The problem is that when the upper half of the YMM registers and ALU/FPU are not used, the chip powers them down, and in fact the “base clock” and “turbo clock” speeds quoted for your CPU is with these units powered down.
When the chip sees them used, it powers up the circuitry (takes about 60microseconds to do so, during which it actually implements AVX ops by doing 2 128 bits ops internally). Now this extra circuitry consumes electricity, increasing the power consumption and heat produced by the CPU, so the base & turbo clock speeds are actually reduced. If you’re using “low power” AVX instructions this base clock reduction is only about 10%, but for “high power” AVX instructions it’s more like 20%.
Only when the wider registers haven’t been used for 700 microseconds (0.7ms) are these circuits powered down again.
So if you’re going to be intensively crunching numbers for a few milliseconds, all well and good – the 256 bits registers will more than make up for a 10 or 20% reduction in clock speed, but if (as happens with our maths library) the use of wide registers is in short bursts of a few microseconds at a time, but maybe 4 or 5 times a millisecond, then the 90% of the code that is NOT benefitting from the use of wider registers runs 10% slower, and the net overall result is a slowdown in performance.
See https://stackoverflow.com/questions/35663635/why-do-processors-with-only-avx-out-perform-avx2-processors-for-many-simd-algori/44353690#44353690 for a longer explanation including links to Intel’s notes about this base clock reset.
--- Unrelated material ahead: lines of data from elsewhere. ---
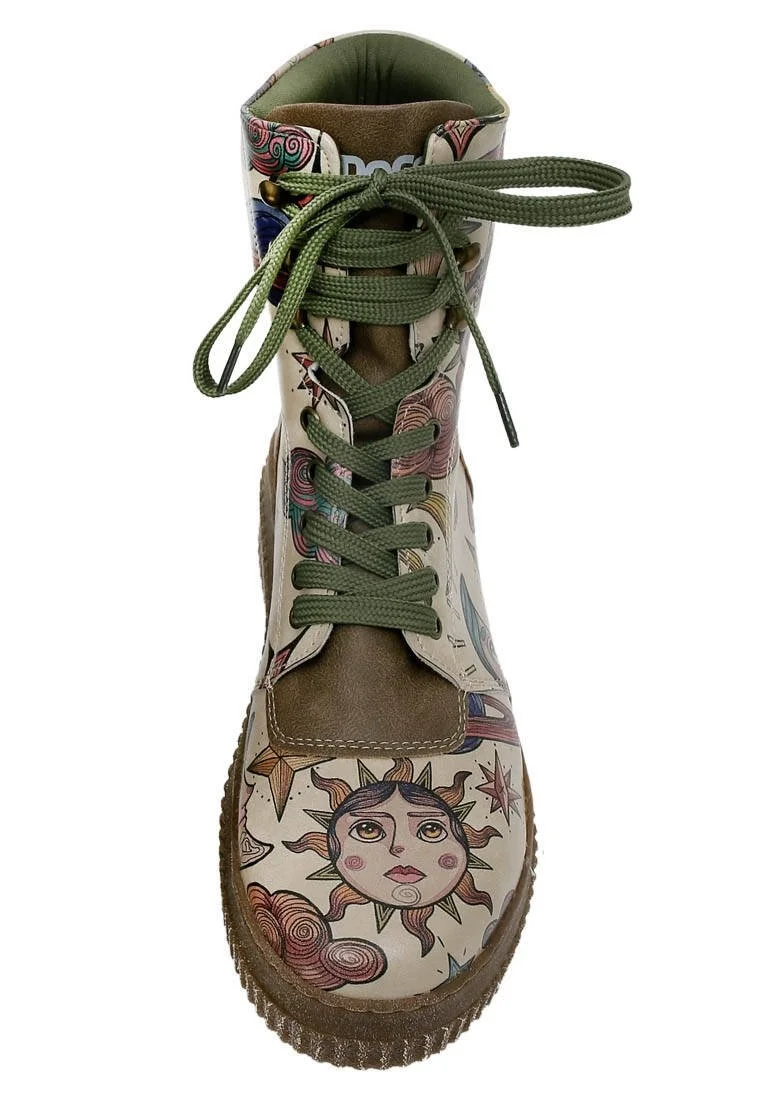 Femme Cuir Vegan Kaki Bottes Longues - Dreams For Dreamers Motif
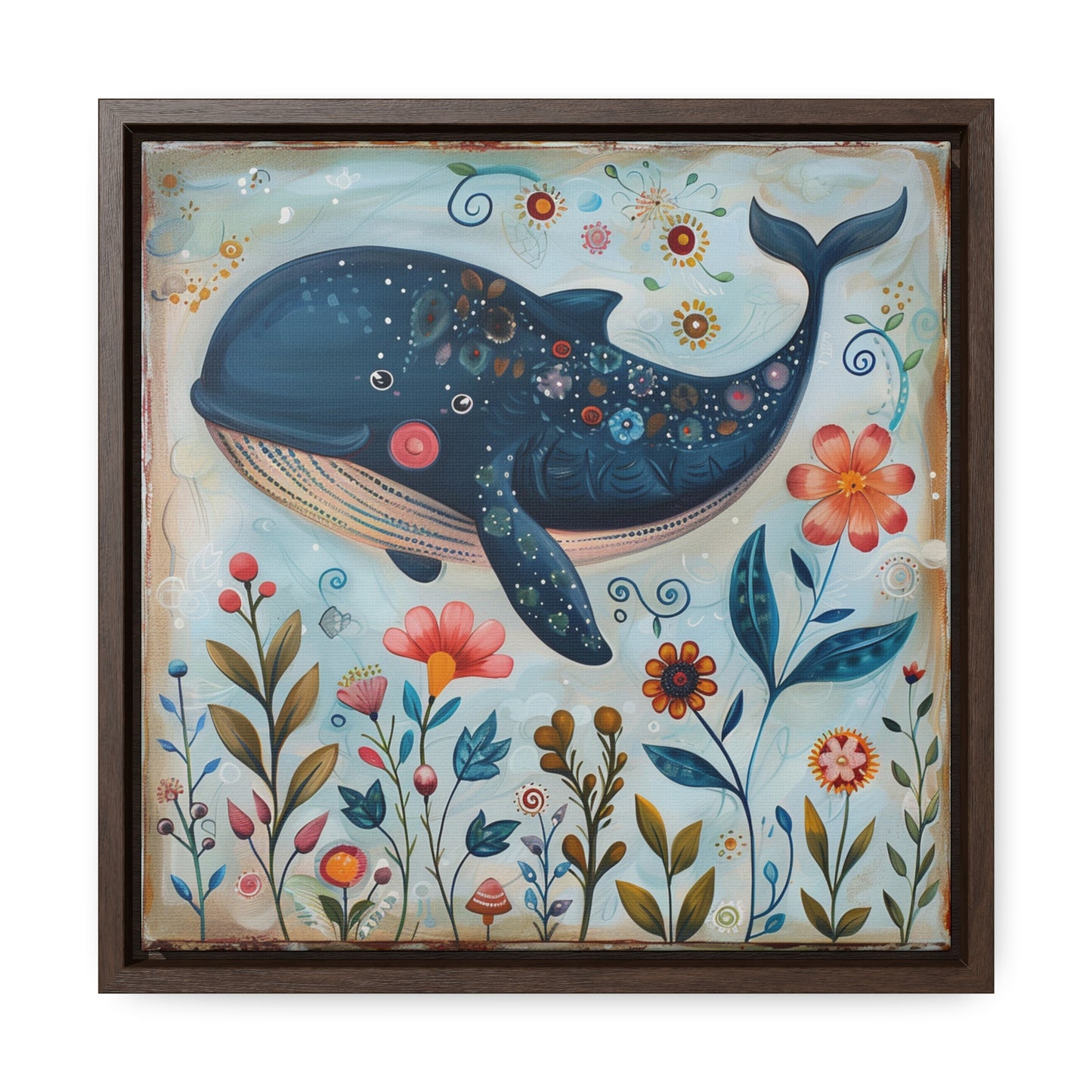 Folk Art Giant Whale - Gallery Canvas Wrap, Square Frame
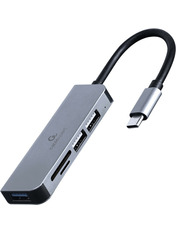 USB-хаб Cablexpert UHB-CM-CRU3P1U2P2-01 Type-C (1xUSB 3.1 + 2xUSB 2.0 with card reader) Gray (UHB-CM-CRU3P1U2P2-01)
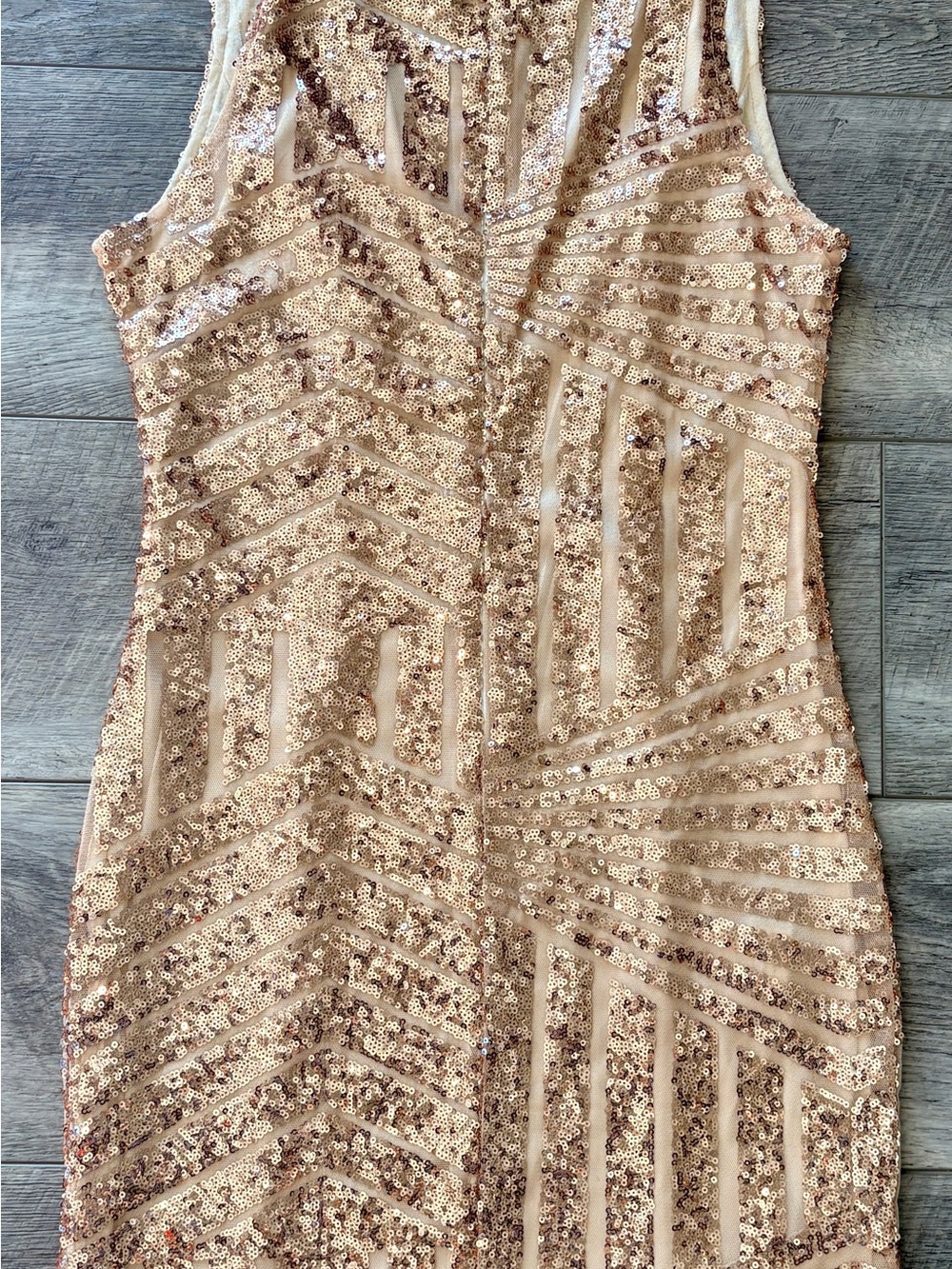 Sleeveless Sequin Midi Dress in Rose Gold
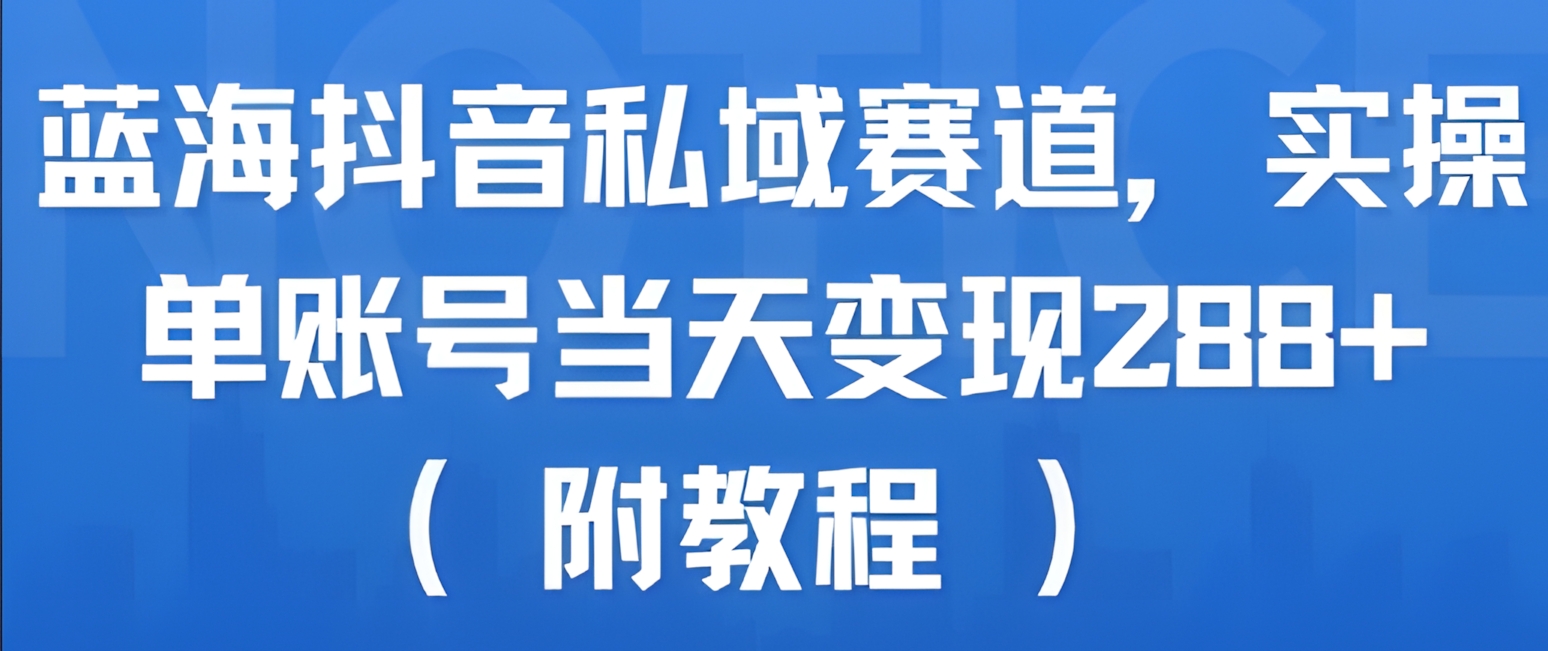 蓝海抖音私域赛道,实操单账号当天变现288+(附教程)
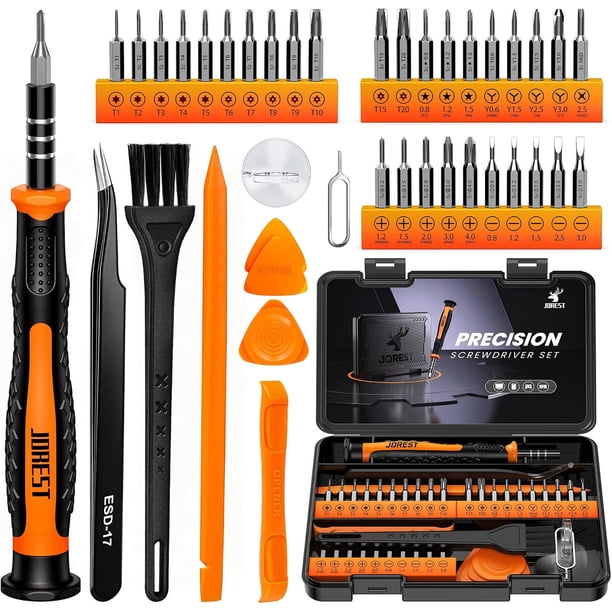 JOREST 40 piezas, set de destornilladores de precisión pequeños de acero S2 con mango en T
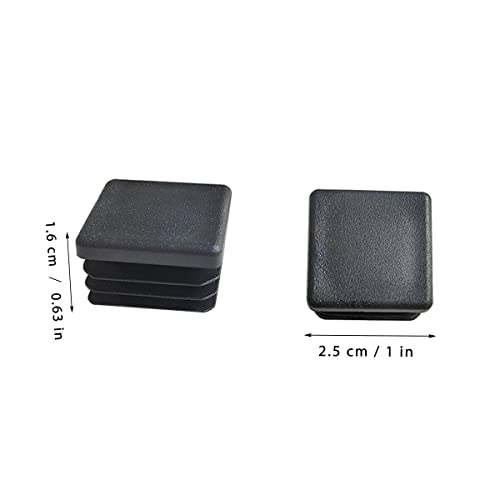 ZYYC 12 Pack 25mm(1') Black Plastic Square Plug, 25mmx25mm(1"x1") Tubing Plug 1x1 Tube End Cap, Suitable for 1 Inch Square Metal Tube - Image 2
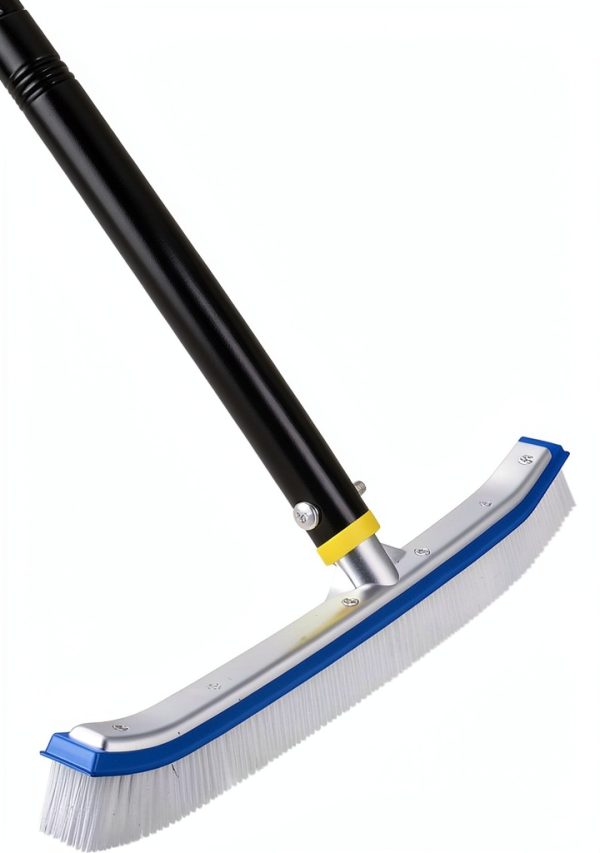Swimming Pool Brush DEROFIT 6FT Aluminum Pole 18in Nylon Bristle Blue-0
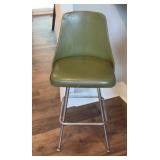 VTG GREEN VINYL & CHROME SWIVEL BAR STOOL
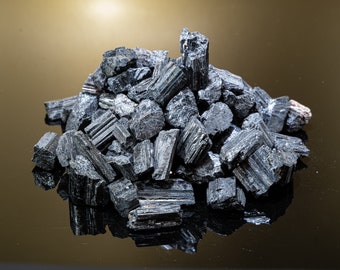 Raw Black Tourmaline Rods | Schorl Crystal, Grounding Stones (5)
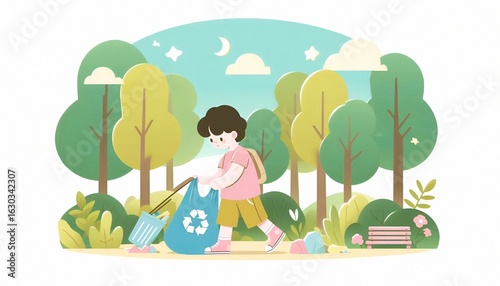 Clean vector illustration of a boy picking up trash in nature with a reusable bag. Promotes environmental responsibility, conservation habits and eco-conscious behavior in children.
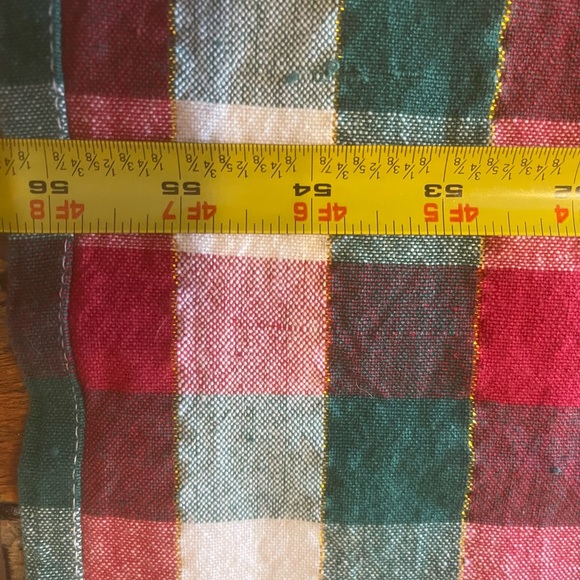 Vintage Christmas Red Green Gold Tablecloth Rectangle  112” x 80” 1950’s - Picture 4 of 5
Would /fp:fast run into the same dangers as /arch:AVX?
As in two cpp files with different options, one /fp:precise and another /fp:fast, both share some template function that get’s instantiated twice, but each instantiation is compiled with different floating point optimization options! E.g. one implementation with /fp:precise will treat nan correctly, but the other with /fp:fast will not, right? In general they would just produce different results, and you never know which one the linker will choose…
I think that the same dangers would apply. As you say, the consequences would be different (different results versus crashes) but the unpredictability would still be there.